SOURCE INFORMATION section start

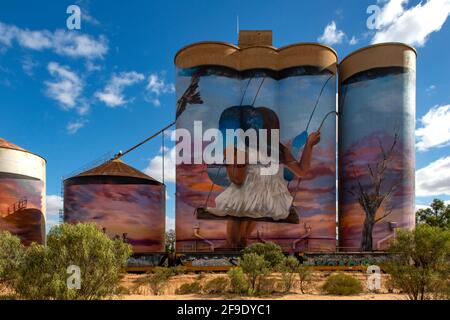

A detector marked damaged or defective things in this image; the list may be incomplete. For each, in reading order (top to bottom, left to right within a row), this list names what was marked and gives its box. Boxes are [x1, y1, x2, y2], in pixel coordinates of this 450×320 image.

rusty metal silo [0, 138, 45, 245]
rusty metal silo [64, 159, 166, 254]
rusty metal silo [338, 43, 414, 252]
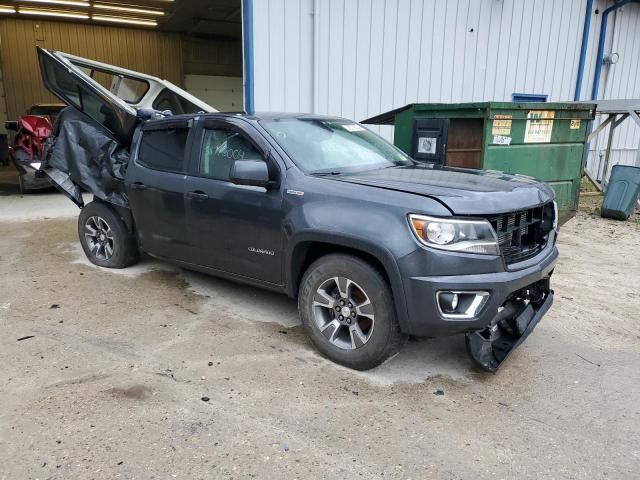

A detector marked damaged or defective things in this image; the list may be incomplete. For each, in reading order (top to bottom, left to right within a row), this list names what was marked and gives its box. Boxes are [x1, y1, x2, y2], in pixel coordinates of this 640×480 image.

red damaged car [6, 103, 64, 193]
crumpled hood [336, 167, 556, 216]
damaged front bumper [464, 280, 556, 374]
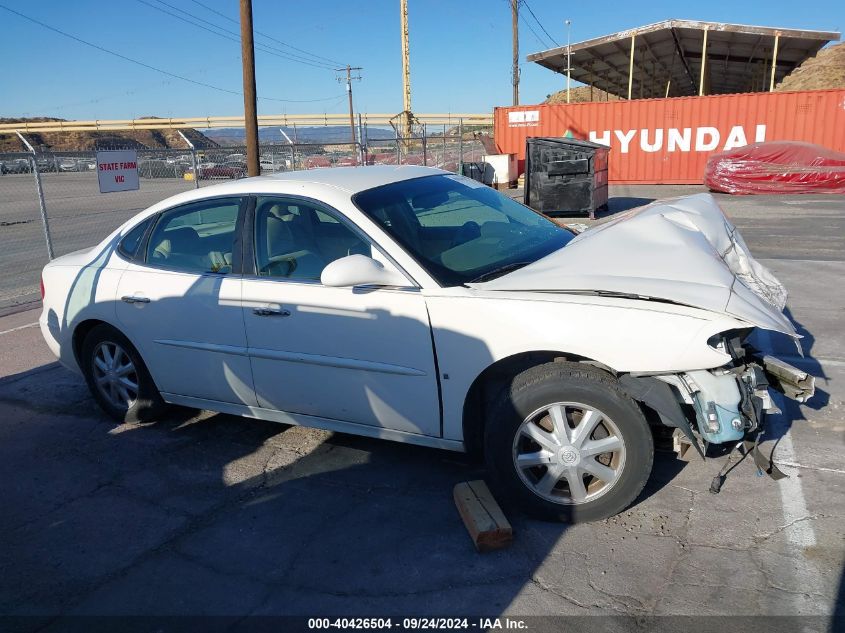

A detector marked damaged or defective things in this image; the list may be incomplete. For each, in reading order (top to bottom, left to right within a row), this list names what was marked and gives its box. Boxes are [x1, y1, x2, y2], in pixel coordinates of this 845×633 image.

damaged white sedan [38, 165, 812, 520]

SOURCE INFORMATION section end

- [WHAT NEEDS TO BE DONE]: Reproduce the lines from the one containing "this 845×633 image." to the end of the entries, keeping both ends and adding nothing.

- [REPLY]:
A detector marked damaged or defective things in this image; the list may be incomplete. For each, in reading order (top to bottom, left to right within a row), this list names what was marked and gives its box. Boxes are [x1, y1, x2, y2], in pixel coordinates of this 845×633 image.

damaged white sedan [38, 165, 812, 520]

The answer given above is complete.